2. Improve Your Communication
It might be tempting to “fly under the radar” and do your work without a lot of fanfare, but that’s probably not going to get you noticed — and your request for a raise might come as a surprise. You need to be vocal about your accomplishments and demonstrate to your boss on an ongoing basis that you’re not only getting things done, but also successfully addressing his or her priorities.
Sending regular emails summarizing what you’ve accomplished and where you are with your projects to keep him or her in the loop. Focus on the most important things, not the day-to-day minutiae of your job. Your boss expects you to accomplish your assigned tasks. He or she wants to know about your “wins” and what makes you invaluable to the team.
3. Set Yourself Apart
Your boss hired you because you have certain skills and bring unique experiences to the table. And while you’re certainly competent in your job, you don’t want to stagnate.

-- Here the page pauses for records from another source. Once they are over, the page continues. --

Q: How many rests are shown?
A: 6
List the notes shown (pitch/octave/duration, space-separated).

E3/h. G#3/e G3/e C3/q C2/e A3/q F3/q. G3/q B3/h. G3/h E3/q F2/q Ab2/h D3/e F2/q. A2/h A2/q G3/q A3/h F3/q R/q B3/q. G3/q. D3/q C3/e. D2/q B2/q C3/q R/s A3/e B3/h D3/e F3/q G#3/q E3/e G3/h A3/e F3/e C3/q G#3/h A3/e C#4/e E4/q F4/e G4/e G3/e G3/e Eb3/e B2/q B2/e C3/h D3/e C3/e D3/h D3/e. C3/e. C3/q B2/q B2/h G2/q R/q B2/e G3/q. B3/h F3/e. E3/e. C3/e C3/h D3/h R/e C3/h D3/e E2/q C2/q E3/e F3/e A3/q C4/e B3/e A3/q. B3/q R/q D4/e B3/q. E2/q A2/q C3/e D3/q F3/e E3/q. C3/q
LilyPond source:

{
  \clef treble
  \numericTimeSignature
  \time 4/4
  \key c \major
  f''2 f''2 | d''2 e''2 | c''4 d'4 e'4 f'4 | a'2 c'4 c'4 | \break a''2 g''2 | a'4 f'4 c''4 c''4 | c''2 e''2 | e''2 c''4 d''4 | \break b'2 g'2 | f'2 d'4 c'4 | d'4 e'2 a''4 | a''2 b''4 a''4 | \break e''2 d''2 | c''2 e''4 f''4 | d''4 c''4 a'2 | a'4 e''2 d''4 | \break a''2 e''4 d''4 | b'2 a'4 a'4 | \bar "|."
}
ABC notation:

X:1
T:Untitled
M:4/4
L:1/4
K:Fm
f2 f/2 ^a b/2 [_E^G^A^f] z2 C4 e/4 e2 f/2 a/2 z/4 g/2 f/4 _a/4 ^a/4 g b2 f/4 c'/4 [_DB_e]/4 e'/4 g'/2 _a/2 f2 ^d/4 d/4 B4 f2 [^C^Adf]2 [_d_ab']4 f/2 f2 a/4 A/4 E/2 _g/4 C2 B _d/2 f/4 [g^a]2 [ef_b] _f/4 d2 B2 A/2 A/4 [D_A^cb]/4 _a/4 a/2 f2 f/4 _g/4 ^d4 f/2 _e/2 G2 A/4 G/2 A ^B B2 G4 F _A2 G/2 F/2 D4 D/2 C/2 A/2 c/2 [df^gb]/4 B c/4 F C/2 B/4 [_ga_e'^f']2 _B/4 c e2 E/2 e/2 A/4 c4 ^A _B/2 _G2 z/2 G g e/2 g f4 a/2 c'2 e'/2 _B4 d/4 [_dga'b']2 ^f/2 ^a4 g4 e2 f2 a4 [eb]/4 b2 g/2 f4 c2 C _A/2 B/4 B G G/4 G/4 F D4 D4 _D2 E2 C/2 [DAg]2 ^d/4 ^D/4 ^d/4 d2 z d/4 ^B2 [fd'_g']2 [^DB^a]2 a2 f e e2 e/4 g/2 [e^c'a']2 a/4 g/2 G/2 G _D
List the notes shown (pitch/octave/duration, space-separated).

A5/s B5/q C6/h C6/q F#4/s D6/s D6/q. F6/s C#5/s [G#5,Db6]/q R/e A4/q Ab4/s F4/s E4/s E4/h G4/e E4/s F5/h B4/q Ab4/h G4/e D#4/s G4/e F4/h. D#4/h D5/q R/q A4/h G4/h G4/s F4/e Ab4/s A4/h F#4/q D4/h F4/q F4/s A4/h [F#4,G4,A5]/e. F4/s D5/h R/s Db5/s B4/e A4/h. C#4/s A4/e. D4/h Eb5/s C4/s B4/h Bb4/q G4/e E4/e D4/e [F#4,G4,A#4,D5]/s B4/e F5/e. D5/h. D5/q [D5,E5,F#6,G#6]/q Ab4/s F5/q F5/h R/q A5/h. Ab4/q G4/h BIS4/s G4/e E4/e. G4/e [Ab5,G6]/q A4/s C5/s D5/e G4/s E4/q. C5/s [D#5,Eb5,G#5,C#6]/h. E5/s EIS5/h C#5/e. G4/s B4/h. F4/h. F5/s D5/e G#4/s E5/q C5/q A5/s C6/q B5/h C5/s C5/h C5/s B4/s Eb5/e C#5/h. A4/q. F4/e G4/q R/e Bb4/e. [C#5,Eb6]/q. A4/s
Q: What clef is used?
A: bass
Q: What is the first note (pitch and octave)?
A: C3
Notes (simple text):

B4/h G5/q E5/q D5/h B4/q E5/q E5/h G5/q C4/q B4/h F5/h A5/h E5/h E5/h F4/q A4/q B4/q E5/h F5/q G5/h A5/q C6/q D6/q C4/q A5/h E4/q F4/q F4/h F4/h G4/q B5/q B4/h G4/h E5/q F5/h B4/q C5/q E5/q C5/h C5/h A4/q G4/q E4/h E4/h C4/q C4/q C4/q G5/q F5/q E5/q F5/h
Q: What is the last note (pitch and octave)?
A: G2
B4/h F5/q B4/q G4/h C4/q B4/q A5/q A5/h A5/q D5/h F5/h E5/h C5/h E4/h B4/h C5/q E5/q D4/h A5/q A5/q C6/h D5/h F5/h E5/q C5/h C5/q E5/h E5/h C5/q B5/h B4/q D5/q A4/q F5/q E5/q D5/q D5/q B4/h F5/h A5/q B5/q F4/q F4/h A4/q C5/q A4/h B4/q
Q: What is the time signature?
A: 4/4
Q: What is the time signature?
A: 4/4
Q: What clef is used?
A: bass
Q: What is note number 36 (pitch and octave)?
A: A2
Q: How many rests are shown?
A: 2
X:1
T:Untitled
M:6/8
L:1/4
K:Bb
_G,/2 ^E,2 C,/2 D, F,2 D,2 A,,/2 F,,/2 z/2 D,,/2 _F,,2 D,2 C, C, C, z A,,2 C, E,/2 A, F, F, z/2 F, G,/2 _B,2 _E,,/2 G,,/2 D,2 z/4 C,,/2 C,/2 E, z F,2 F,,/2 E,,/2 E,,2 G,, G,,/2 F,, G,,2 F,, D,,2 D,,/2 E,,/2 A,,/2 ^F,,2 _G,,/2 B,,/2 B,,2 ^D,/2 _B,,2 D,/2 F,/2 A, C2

One of the best ways to set yourself apart from your co-workers and earn a higher salary is to earn an advanced degree to learn new skills and broaden your knowledge base. Going back to school for an MBA or another related degree shows your boss that you’re committed to your career and continuous improvement, and the new value that you bring to the table is cause for a bigger paycheck.
4. Be Positive
Employers want team members who are a positive part of the office environment, not just drones who come in, push papers, and go home. They don’t reward employees who gossip, complain, drag their feet, shoot down new ideas, or drain the energy from the environment.
Before you ask for a raise, consider your demeanor when you’re at work. Are you positive and friendly, bringing people together? Or are you impersonal and divisive? Having an upbeat attitude can go a long way toward a positive office culture, and your boss will reward that.
5. Build a Relationship With Your Boss
You don’t have to be best friends with your boss, but you want to ensure that he or she at least knows who you are. Reach out and request meetings with your boss to discuss projects and priorities. Learn what’s important to your boss, and what he or she cares about — and then use that information to guide your work.
Try to make your boss look good, and anticipate his or her needs. It might feel a bit like “sucking up,” but as you build a more authentic working relationship, it will help your performance, and your salary.
Of course, some companies simply cannot afford to grant raises, and you need to prepare yourself for the possibility that you won’t get one. However, if you use these techniques, your chances increase markedly — and you’ll improve your performance at work to boot.